「絵を描いたその場所に、その絵は残らない。生産する場所と消費する場所は一致しないのは世の常です」(p.96)
パリのオークションに持ちこまれた、ゴッホの自殺に使われたとされるリボルバーが引き金となり、稀代の芸術家であるゴッホとゴーギャンの知られざる真実を紐解いていく、原田マハの長編小説。
主人公は小さなパリのオークション会社に勤務する女性。
そんな彼女のもとに、謎の女性からとある一品が届けられる。
それは、かのフィンセント・ファン・ゴッホの自殺に使われたとされる、錆びついた一丁のリボルバーだった。

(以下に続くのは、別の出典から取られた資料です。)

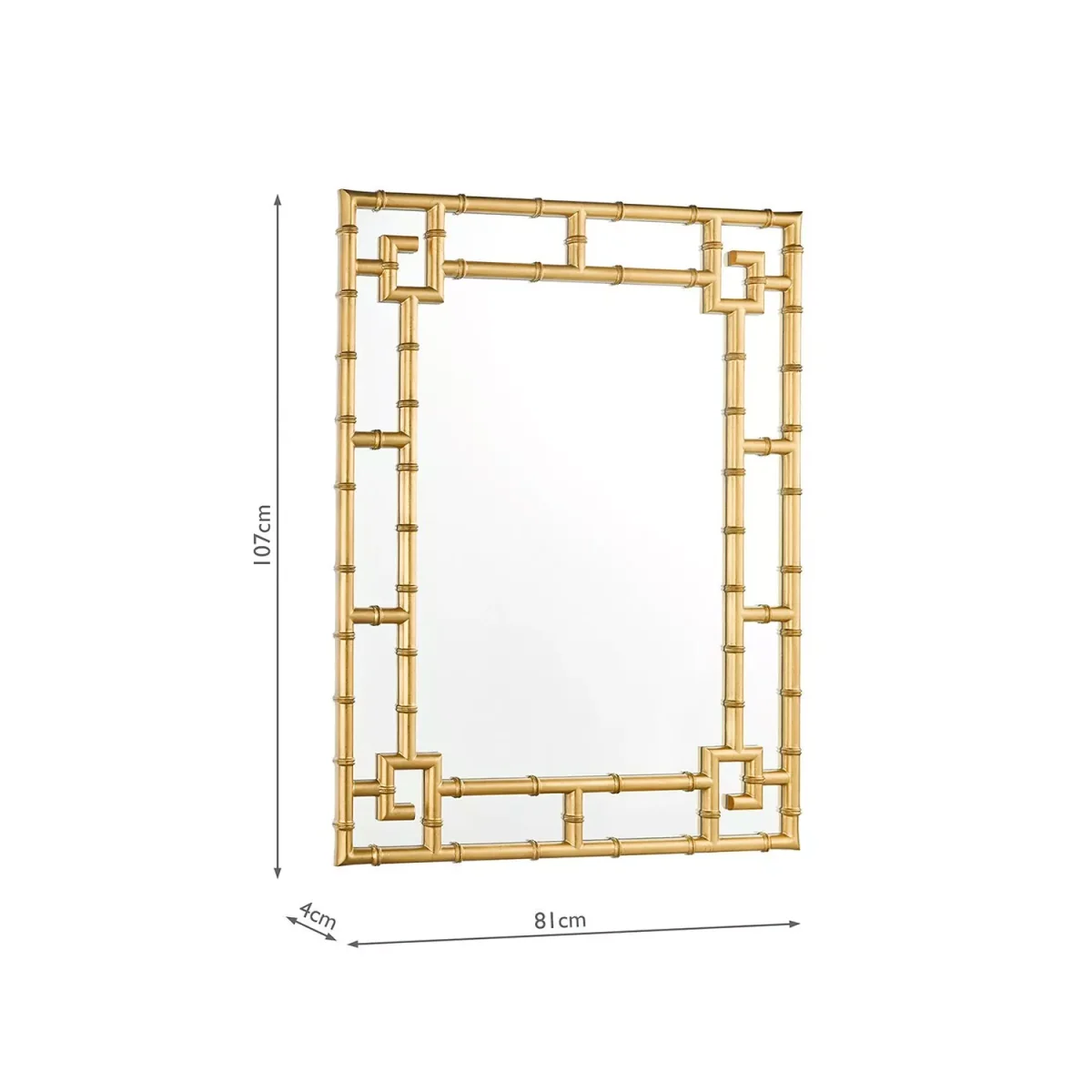Laura Ashley Shawford Mock Bamboo Rectangular Wall Mirror, 107 x 81cm, Gold – image 6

フランス絵画史の研究者でもある主人公は、いわくつきのリボルバーが本当にゴッホを撃ち抜いたものなのかを調べるため、ゴッホゆかりの地へと赴く。
そして、彼女たちは、ゴッホとゴーギャンのただならぬ関係について、歴史には残らなかった真実に迫っていく。
美術史に残る謎の一つであるゴッホの死に対して、決して憶測ではない丁寧な歴史見分と、豊かな色彩で描かれる登場人物の回想によって、歴史に名を刻む世紀の画家たちが実際に描いたストーリーだと信じさせられた。
ゴッホとゴーギャン、お互いを意識していたからこそ、アートに対する才と情熱が彼らを引きつけ、結果的にぶつかりあい、決裂してしまう。そんな彼らの人生を通したライバル関係だけでも、一つの物語になるほどの重厚感。
それでも歴史の空白を埋める回想は、まさしく真実を辿るミステリーだった。
原田マハさんの物語には、美しく心を動かす一文で締められるから好き。